Getting the reading habit


It is vital that students gain the reading habit during their younger and teenage years, but schools can only do so much argues our headteacher diarist – parents also need to play their part.

What to write about? Having just returned to school after the half-term break, I was working through my emails when I came across a reminder that this column was due.

There is a lot going on at the moment, with the exam season coming to an end and minds turning towards the next school year. 

However, nothing immediately came to mind. Then, not for the first time, salvation appeared in the form of the ever-reliable Mr Gove. This time, it was his apparent “banning” of classic American novels, such as Of Mice and Men and To Kill A Mockingbird from the GCSE English literature syllabus.

Of course, Mr Gove argues that he is trying to broaden the syllabus rather than restrict it. As usual, it is difficult to get to the bottom of exactly what is proposed through the filter of the press reports and, to be honest, that is not what interests me about the row. 

No, what interests me is that there was a row in the first place – and the extent of the press coverage it has generated.

Surely one of the main purposes of GCSE English literature is to give students the chance to study one or more books in detail. In doing this, they will be reading books in a different, probably more in-depth way than perhaps they would when reading for pleasure at home. And this is surely the point. 

Part of the reason for studying English literature at GCSE is to learn something about how novels, plays and poetry are structured and to have the opportunity to really think about a book or books. By doing this, students can gain a level of understanding which will stand them in good stead for a lifetime of reading.

It follows from the above, that which particular books are studied at GCSE is perhaps less important than how they are taught and studied. Clearly there needs to be a broad range of titles and, for practical reasons, specific titles need to be specified in the syllabus. However, does it really matter if Of Mice and Men or To Kill A Mockingbird no longer makes the cut? 

Certainly, if you read some of the press coverage, there is a view that Mr Gove is narrowing the definition of “English” literature by removing American “English” literature from the syllabus. I also get the impression that there is a perception among some commentators that if a particular book is removed from the list, then no child is ever going to read that book. There is also the usual suggestion that schools are not doing enough to encourage children to read (the implication being that removing a couple of American classics from the syllabus is evidence of this). 

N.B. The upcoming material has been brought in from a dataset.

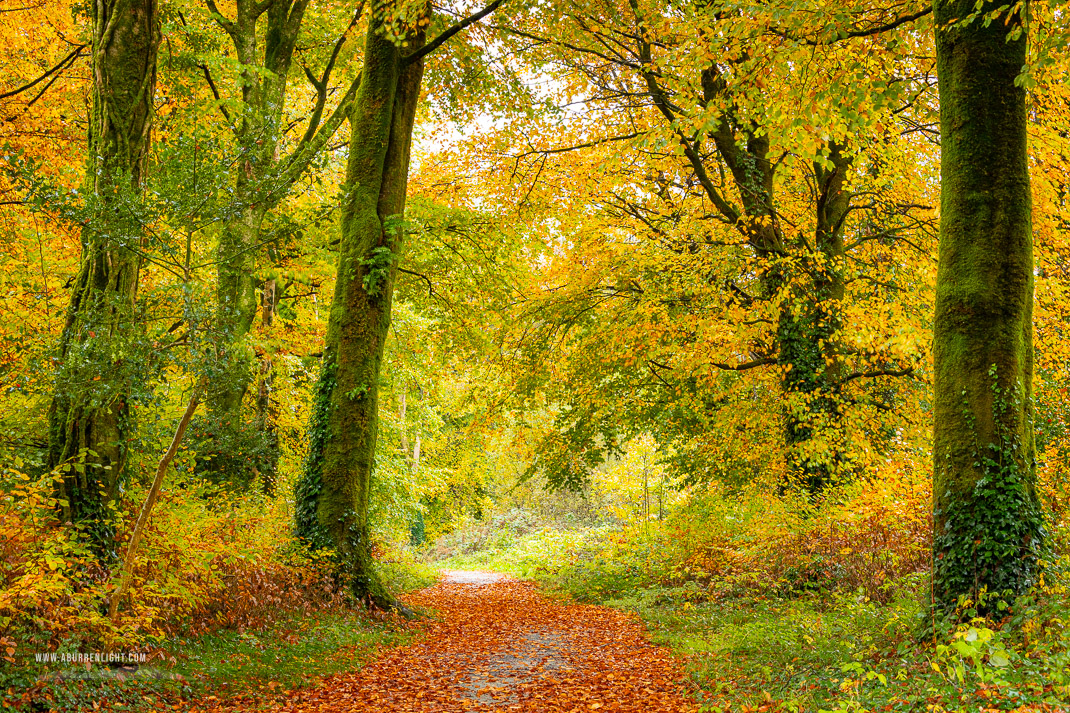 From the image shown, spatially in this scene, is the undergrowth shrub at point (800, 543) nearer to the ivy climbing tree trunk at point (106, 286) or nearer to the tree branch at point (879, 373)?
the tree branch at point (879, 373)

As a headteacher I am only too familiar with this notion that a school is expected to fulfil every type of role in bringing up children. However, when it comes to instilling a love of reading in a child, I have to draw the line. 

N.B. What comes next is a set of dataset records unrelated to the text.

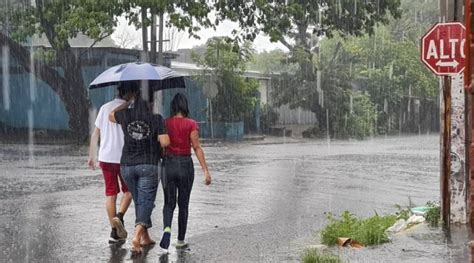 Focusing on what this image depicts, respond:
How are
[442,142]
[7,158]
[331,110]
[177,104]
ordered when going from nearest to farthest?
[177,104] < [442,142] < [7,158] < [331,110]

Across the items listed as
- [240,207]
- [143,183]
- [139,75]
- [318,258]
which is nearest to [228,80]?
[240,207]

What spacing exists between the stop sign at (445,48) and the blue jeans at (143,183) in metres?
3.14

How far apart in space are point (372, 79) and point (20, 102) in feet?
69.2

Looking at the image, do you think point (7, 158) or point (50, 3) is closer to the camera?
point (7, 158)

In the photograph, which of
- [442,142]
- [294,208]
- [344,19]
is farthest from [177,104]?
[344,19]

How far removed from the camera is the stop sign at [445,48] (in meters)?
8.02

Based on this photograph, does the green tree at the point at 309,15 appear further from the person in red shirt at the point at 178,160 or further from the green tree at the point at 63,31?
the person in red shirt at the point at 178,160

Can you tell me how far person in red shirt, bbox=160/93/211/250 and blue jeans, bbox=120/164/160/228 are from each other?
0.51 ft

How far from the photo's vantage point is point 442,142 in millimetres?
8719

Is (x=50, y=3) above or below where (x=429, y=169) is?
above

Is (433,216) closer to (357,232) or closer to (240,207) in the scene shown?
(357,232)

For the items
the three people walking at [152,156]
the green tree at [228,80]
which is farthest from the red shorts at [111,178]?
the green tree at [228,80]

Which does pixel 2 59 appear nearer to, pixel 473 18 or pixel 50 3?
pixel 50 3

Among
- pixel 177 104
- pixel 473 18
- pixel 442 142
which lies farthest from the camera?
pixel 442 142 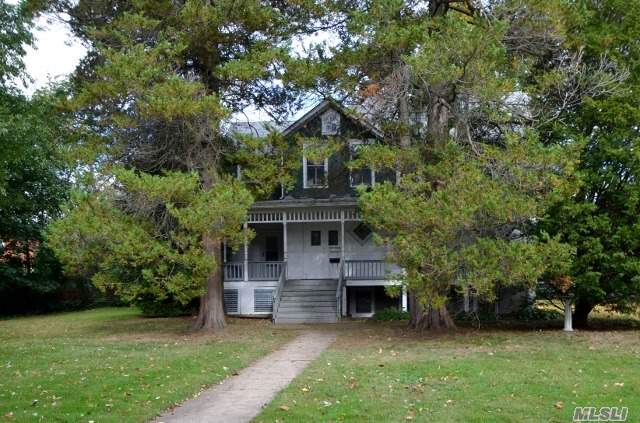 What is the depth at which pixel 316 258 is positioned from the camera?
79.5 ft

This is simply one thing that cannot be “taught” – it is acquired through the process of reading itself and this process has to begin at home, more often than not through parents reading aloud to their children and then encouraging them to read by themselves for pleasure.

By the time children start studying GCSE English literature it is too late. There will be some children who “read” and some who do not. For those in the former category, GCSE English literature will hopefully expose them to new authors and, as I suggest above, ways of reading a text which will hopefully prove useful as they continue to expand their reading. For those students who do not “read”, I think that it is unfortunately highly unlikely that they will suddenly develop the habit based on studying one or two books at GCSE.

  • Diary of a headteacher is written anonymously and in rotation by three practising headteachers from schools across the country.